Before NetSuite I had a bunch of start-up experiences. I was a wild animal, testing apps in bars offering people a beer for their thoughts, iterating on flows as much as 3–4 times per week, changing brand direction as soon as we discovered more about our users — everything was done fast, we were a small team and had fun putting together stuff and laying it out there.

In a big company things take time. On the bright side you have more time to think about processes and how to make things work better.

BI is complex but design shouldn’t be

After the first few weeks of getting accustomed with the product, I soon found myself staring at a full-blown UI looking for a button to turn on subtitles because what I saw seemed like a distant foreign language. And I’m Romanian, we speak a lot of languages!

The challenges

The project I was part of had quite a long history behind it. The team was scattered over 2 continents, 3 countries and 4 different cities and along the way quite a few designers migrated to other projects. By that point the XD team (as we like to call ourselves at NetSuite) was lacking continuity and since it was supporting around 30+ cross-team developers, the pressure was high and design communication was weak.
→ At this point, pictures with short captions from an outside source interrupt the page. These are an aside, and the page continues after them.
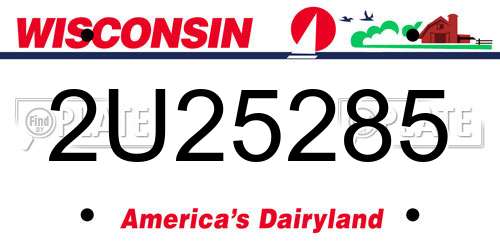 2U25285 Wisconsin License Plate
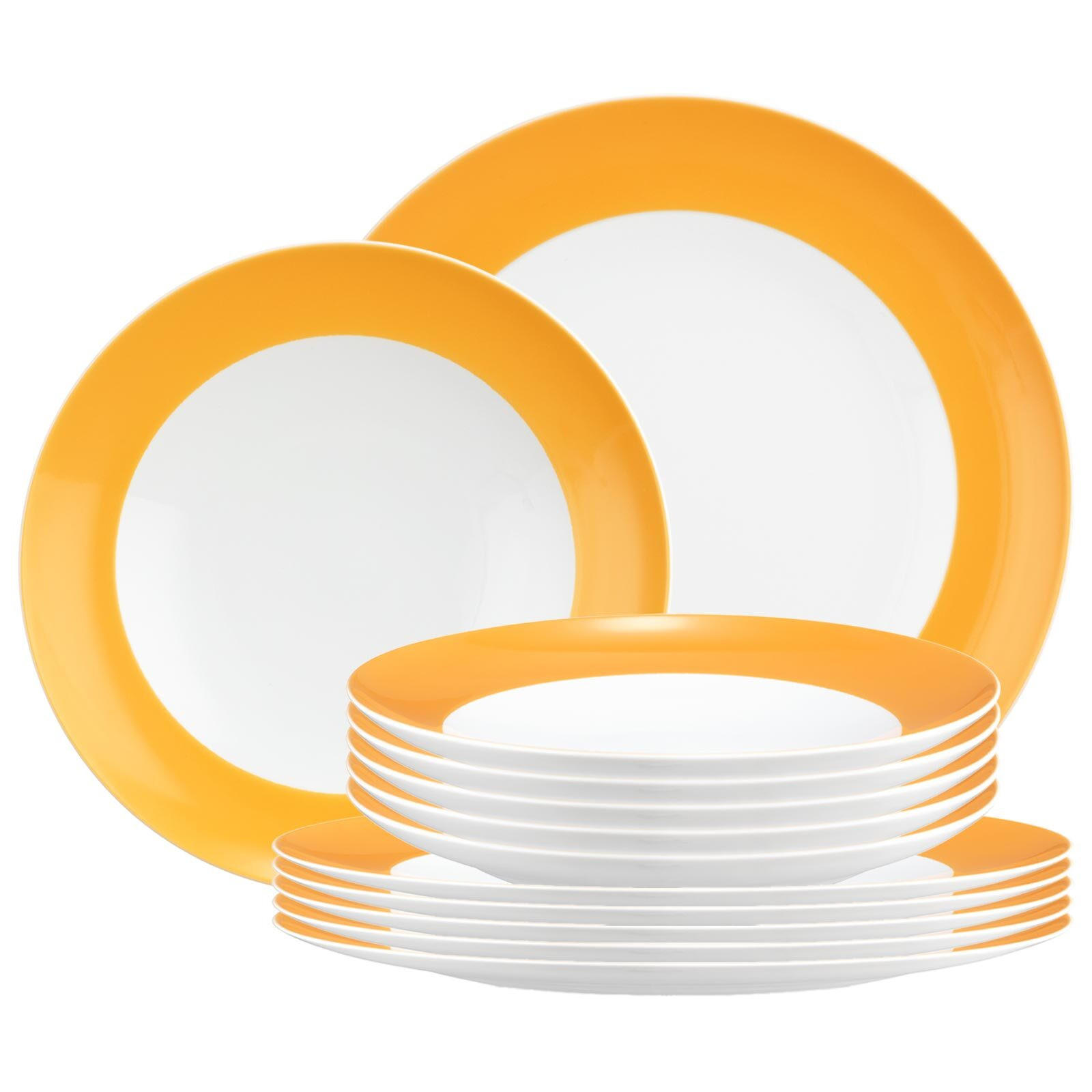 TAFELSERVICE Liberty Pure Colors Mango Orange 12er Set - Orange, Keramik (1/1/1cm) - Seltmann Weiden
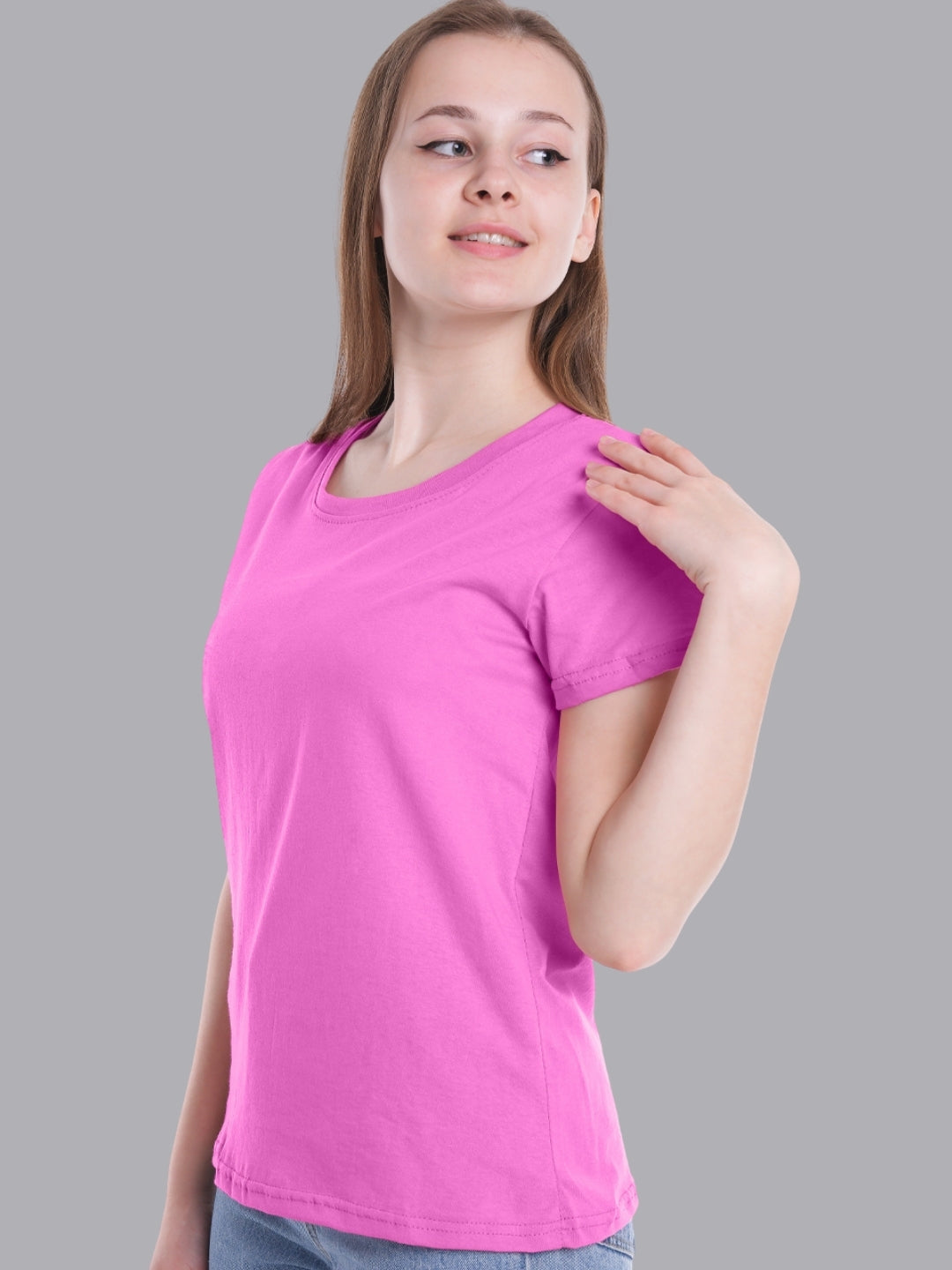 FASO Women’s Cotton Pink& Red Round Neck T-shirt (Pack of 2)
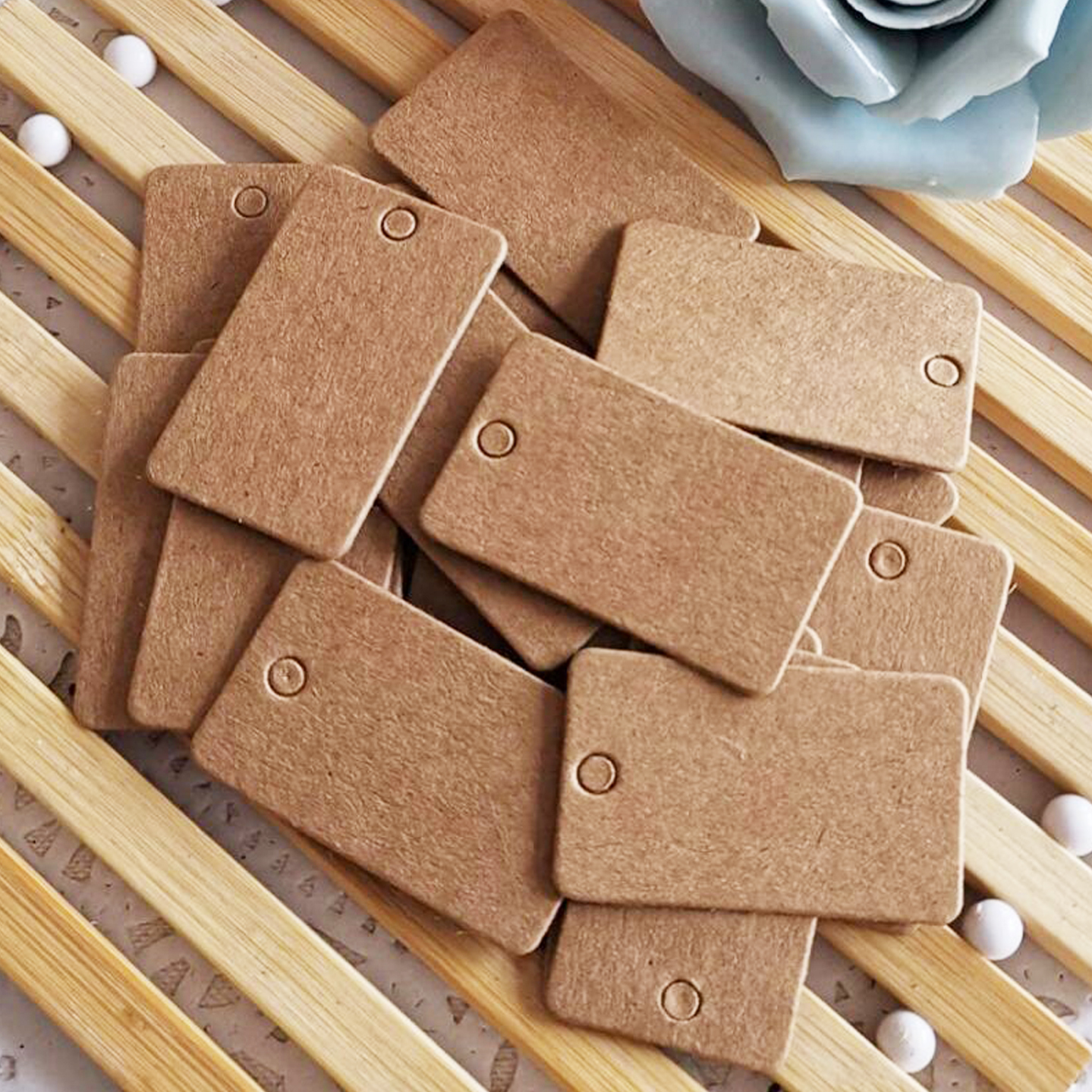 50 Uds. Etiquetas de tarjetas de papel de agradecimiento para estampado, embalaje de joyería: Beige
Another issue we faced were inconsistencies. There was a lot of pressure for the team to deliver and so the temptation to dive right into wireframes was quite high.

On the bright side…

The part of the product we were developing had the advantage of being new so we were able to start from scratch, ask the business questions and understand the mental models. We were encouraged to come up with behaviors and UI components that would make the experience better for our users and we weren’t restricted by the legacy UX/UI.

By the time I joined the team they had been developing for about 2 years so the product was already thick and juicy. A lot of inconsistencies had naturally found their way into the code. The developers and designers did not speak the same language.

I decided we needed a little bit of structure.

The inventory

First thing I did was to deploy a virtual machine. I diligently made a list of all the UI elements I saw on the page, I documented patterns and behaviors and shared my findings with the team.

A glimpse of one of the inventory lists

After creating an inventory of all the UI components and behaviors I discovered a lot of inconsistencies and duplications in our app: we had two tab selector positions, an undocumented green color, 5 icons for deleting stuff and mostly hacked components, just to name a few.

picture of the inventory coming soon 🙃

My team agreed we had a slight problem that was affecting our VM tests and user researching was bringing back inconclusive results. I took on the challenge to address these inconsistencies and find a better way to define these elements and behaviors with the goal of eventually establishing a stable design process. To do that I needed to understand what issues the new system was going to solve.

What did the system lack?

I decided to meet up with the whole team (PMs, devs, researchers, designers, QA) and find out what each of us thought the product we were building lacked and what we thought should be the focus for a better design.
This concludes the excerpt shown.